Stored dataset items:
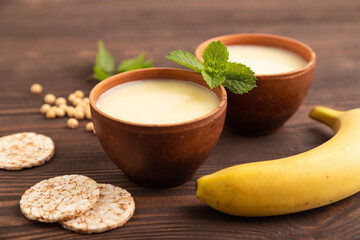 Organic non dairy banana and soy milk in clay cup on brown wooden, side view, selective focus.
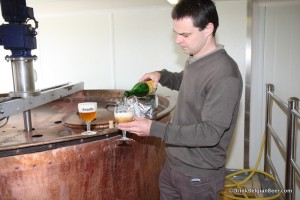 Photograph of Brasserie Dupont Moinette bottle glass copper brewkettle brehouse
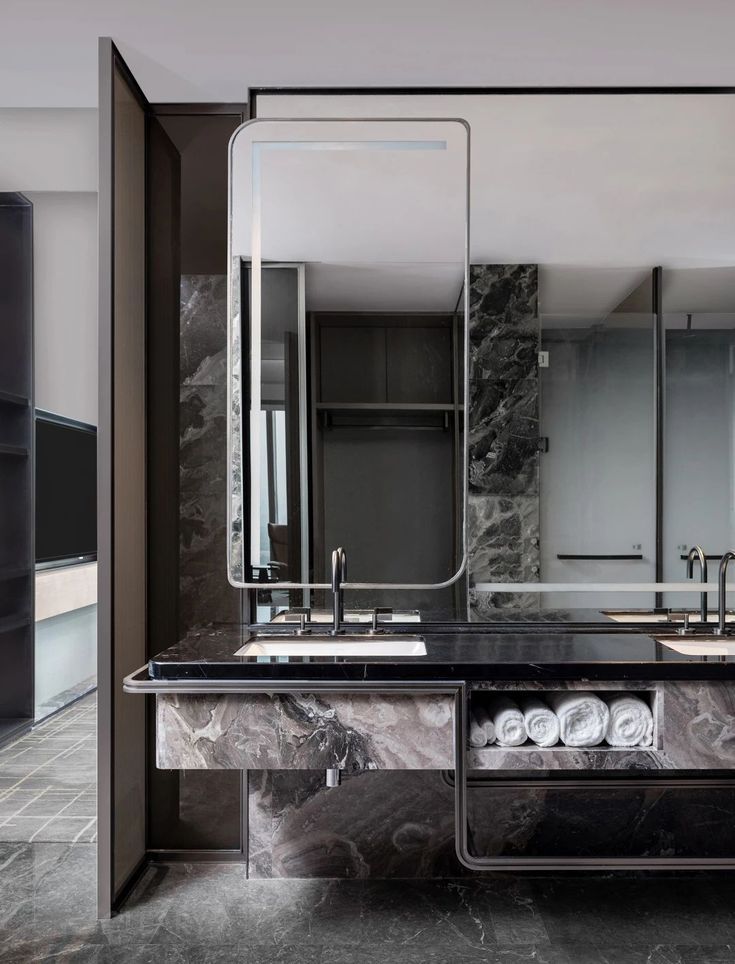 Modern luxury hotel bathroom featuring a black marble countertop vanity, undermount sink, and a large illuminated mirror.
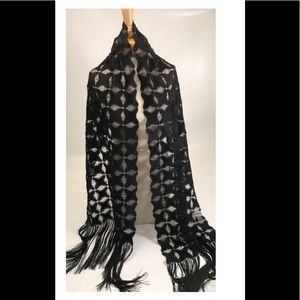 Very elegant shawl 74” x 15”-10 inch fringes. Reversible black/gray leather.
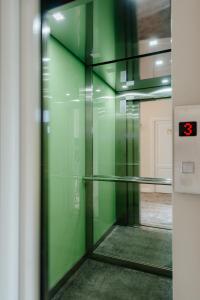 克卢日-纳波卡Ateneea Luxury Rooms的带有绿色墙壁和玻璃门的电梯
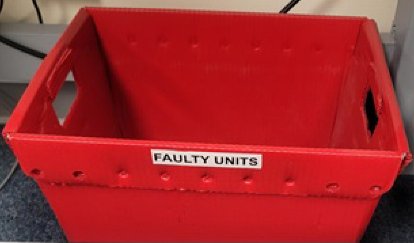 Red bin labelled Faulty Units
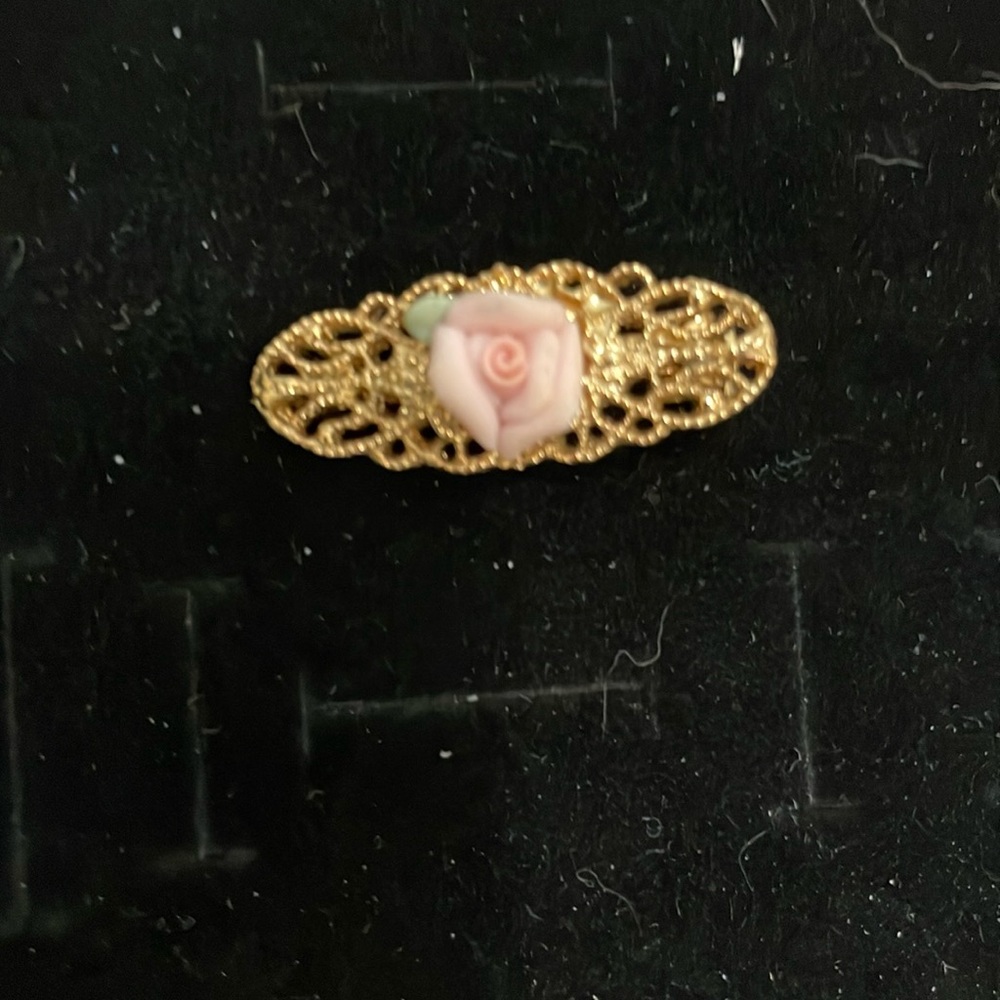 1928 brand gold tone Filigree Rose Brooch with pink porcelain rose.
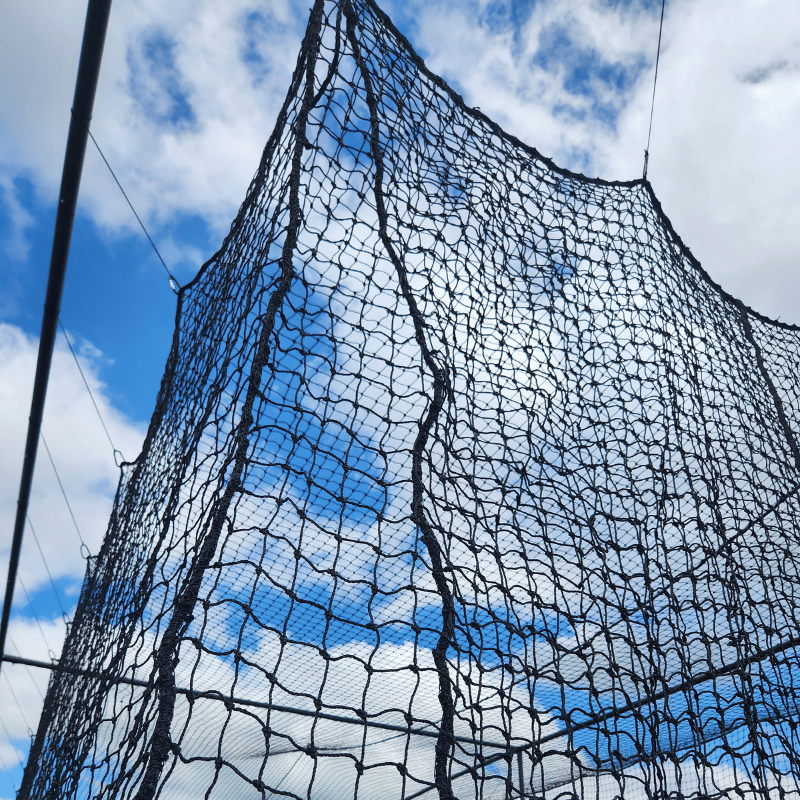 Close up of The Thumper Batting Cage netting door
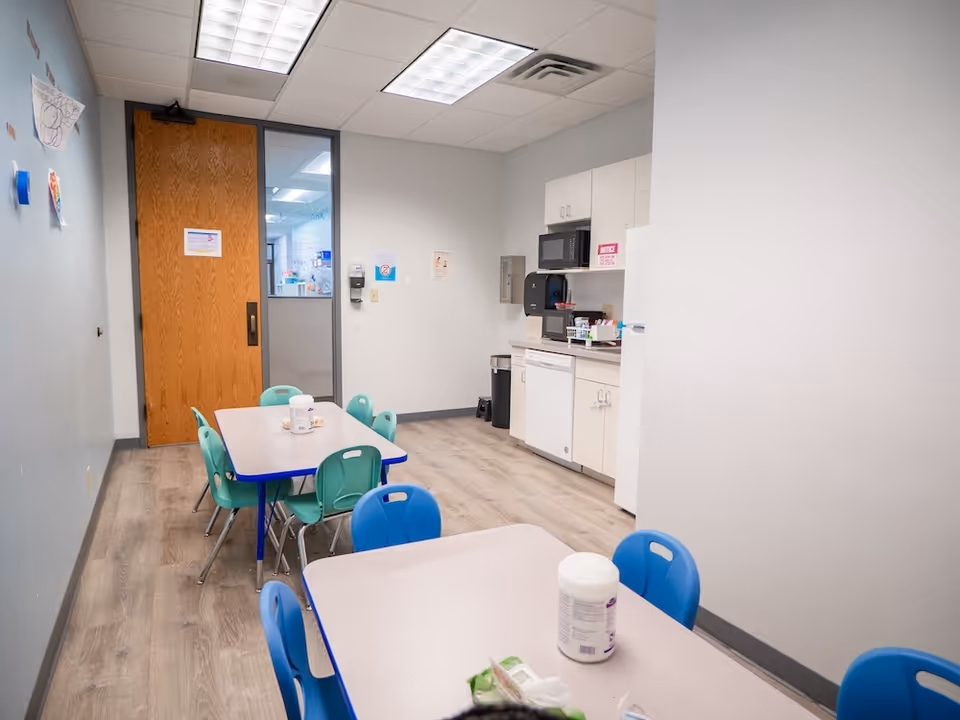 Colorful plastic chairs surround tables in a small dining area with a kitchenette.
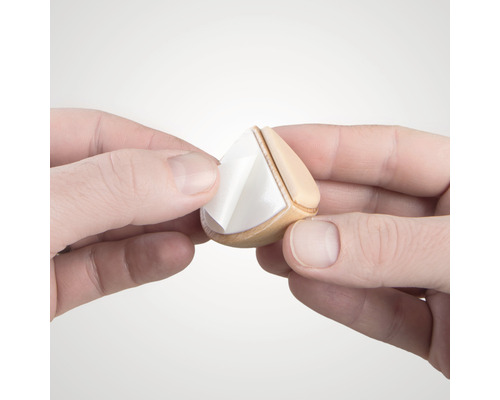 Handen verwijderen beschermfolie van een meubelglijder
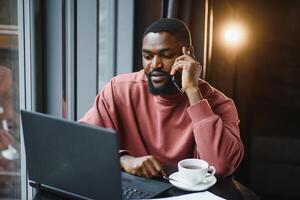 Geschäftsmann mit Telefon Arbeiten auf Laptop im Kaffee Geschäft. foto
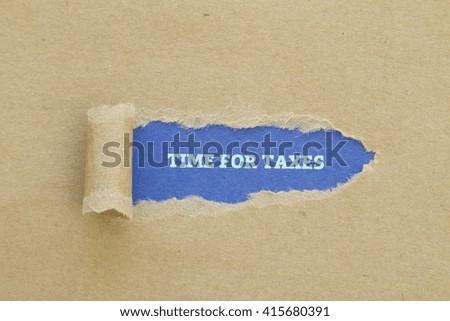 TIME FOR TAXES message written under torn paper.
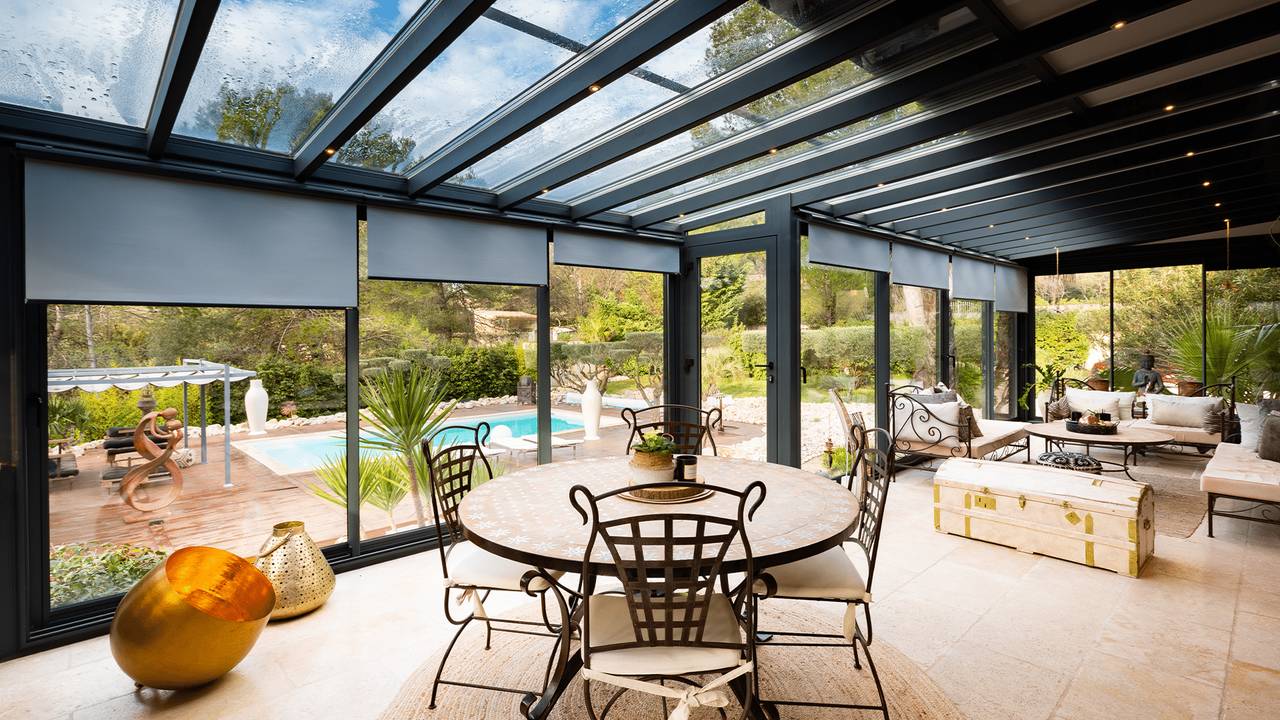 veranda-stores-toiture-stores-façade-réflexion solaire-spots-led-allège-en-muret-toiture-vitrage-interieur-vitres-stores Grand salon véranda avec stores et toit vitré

- What the exercise asks
After locating the line containing "克卢日-纳波卡Ateneea Luxury Rooms的带有绿色墙壁和玻璃门的电梯" in the entries above, repeat only it and each later line through the end, exactly, without any pictures.

- Response to the task
 克卢日-纳波卡Ateneea Luxury Rooms的带有绿色墙壁和玻璃门的电梯
 Red bin labelled Faulty Units
 1928 brand gold tone Filigree Rose Brooch with pink porcelain rose.
 Close up of The Thumper Batting Cage netting door
 Colorful plastic chairs surround tables in a small dining area with a kitchenette.
 Handen verwijderen beschermfolie van een meubelglijder
 Geschäftsmann mit Telefon Arbeiten auf Laptop im Kaffee Geschäft. foto
 TIME FOR TAXES message written under torn paper.
 veranda-stores-toiture-stores-façade-réflexion solaire-spots-led-allège-en-muret-toiture-vitrage-interieur-vitres-stores Grand salon véranda avec stores et toit vitré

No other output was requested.